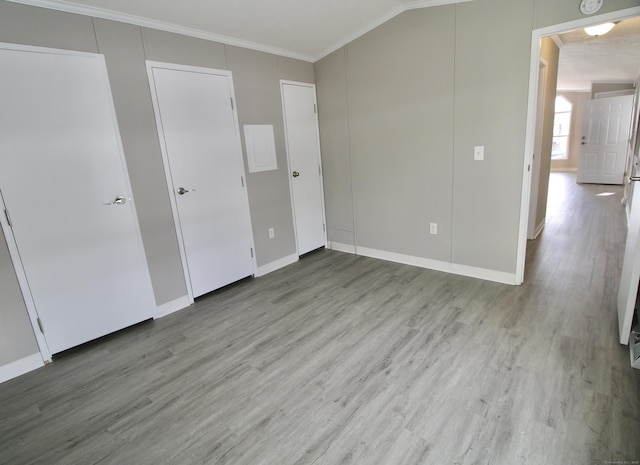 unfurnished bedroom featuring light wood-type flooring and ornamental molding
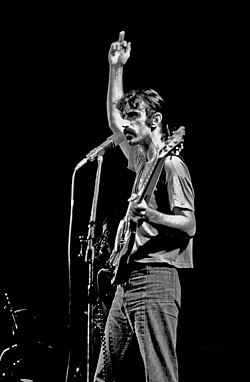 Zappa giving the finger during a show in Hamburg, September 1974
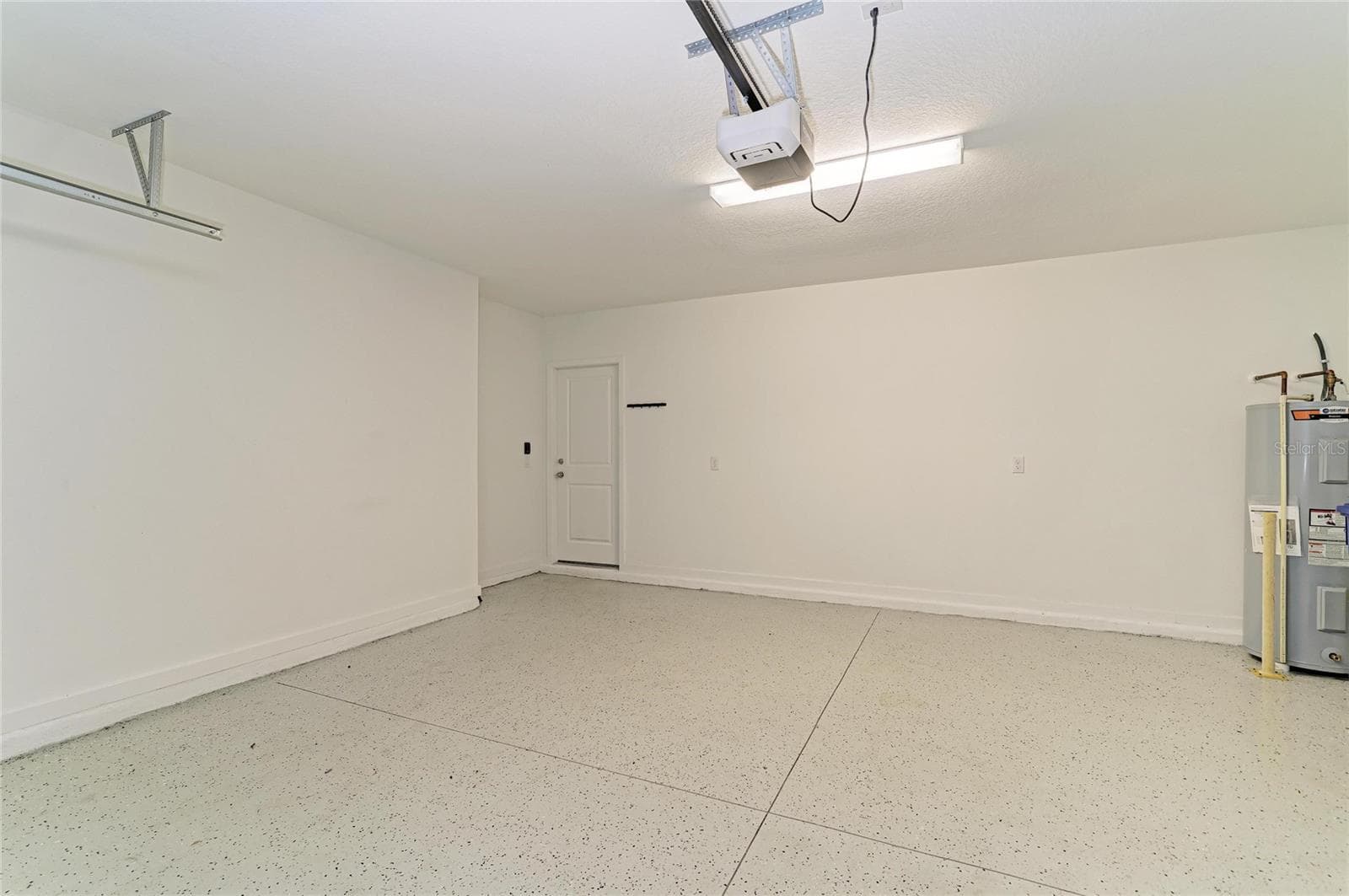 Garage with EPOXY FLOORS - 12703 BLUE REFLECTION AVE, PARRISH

* * *

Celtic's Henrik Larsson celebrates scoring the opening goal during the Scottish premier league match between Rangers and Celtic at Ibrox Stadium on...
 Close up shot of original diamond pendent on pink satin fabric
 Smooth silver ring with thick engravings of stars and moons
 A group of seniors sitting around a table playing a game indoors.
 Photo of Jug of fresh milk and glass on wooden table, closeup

==

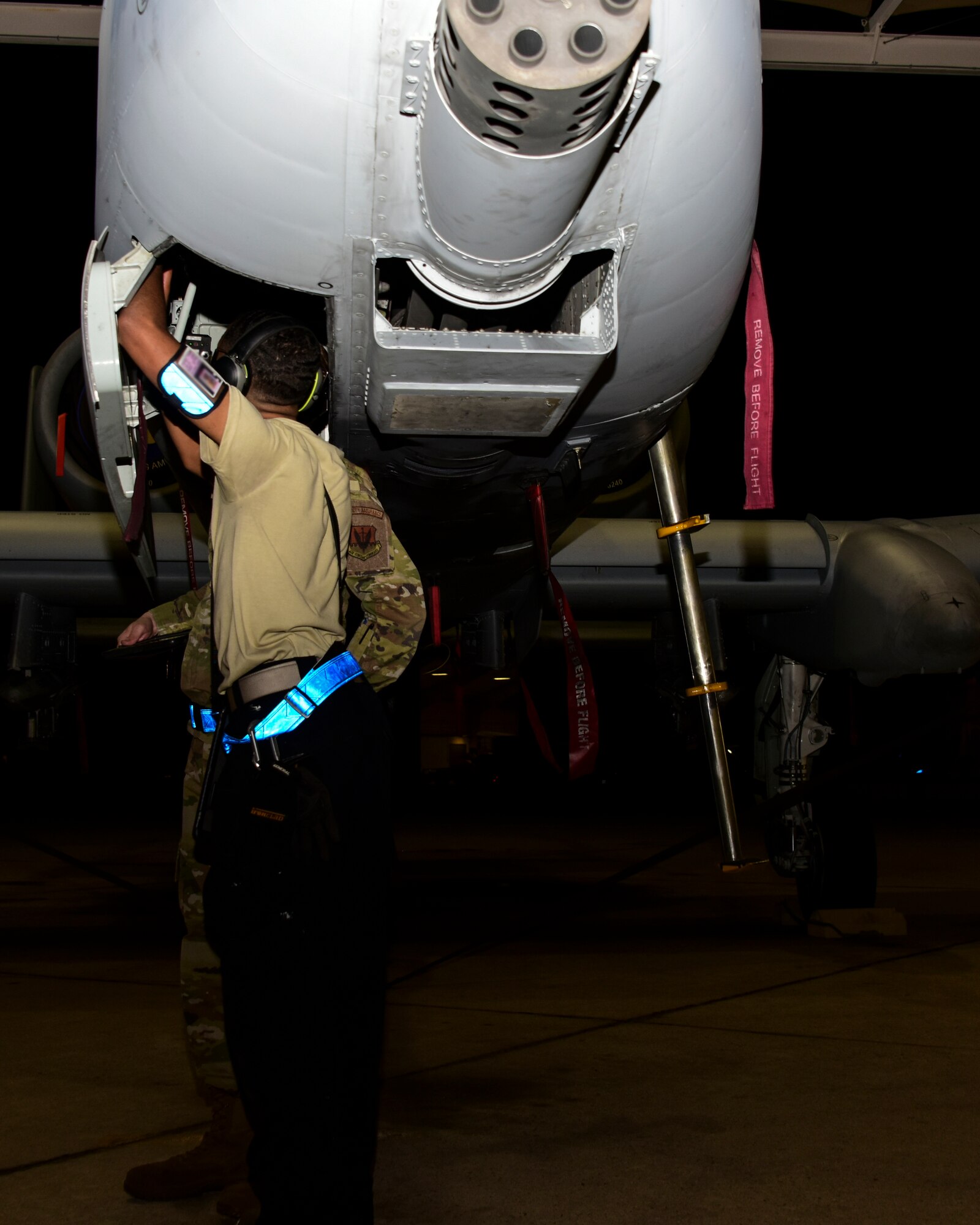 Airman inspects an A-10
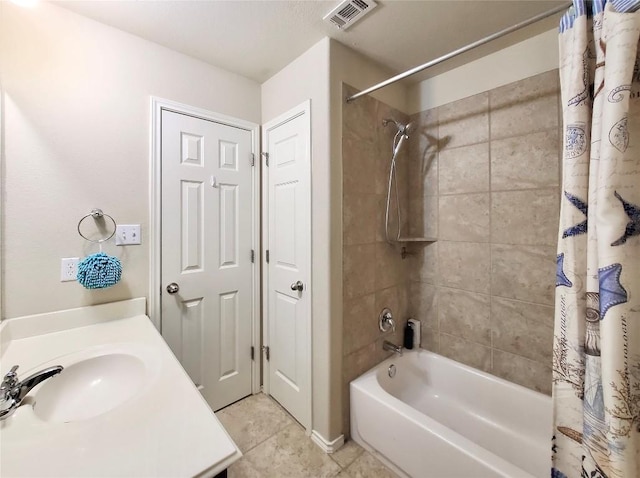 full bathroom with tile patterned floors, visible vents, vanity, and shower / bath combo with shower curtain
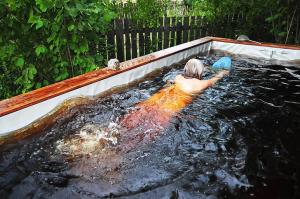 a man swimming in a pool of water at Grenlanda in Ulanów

Your instructions: Within the entries above, give again exactly the lines starting at the one that contains "unfurnished bedroom featuring" and ending at the one that contains "Garage with EPOXY", leaving out the pictures.

Answer section:
 unfurnished bedroom featuring light wood-type flooring and ornamental molding
 Zappa giving the finger during a show in Hamburg, September 1974
 Garage with EPOXY FLOORS - 12703 BLUE REFLECTION AVE, PARRISH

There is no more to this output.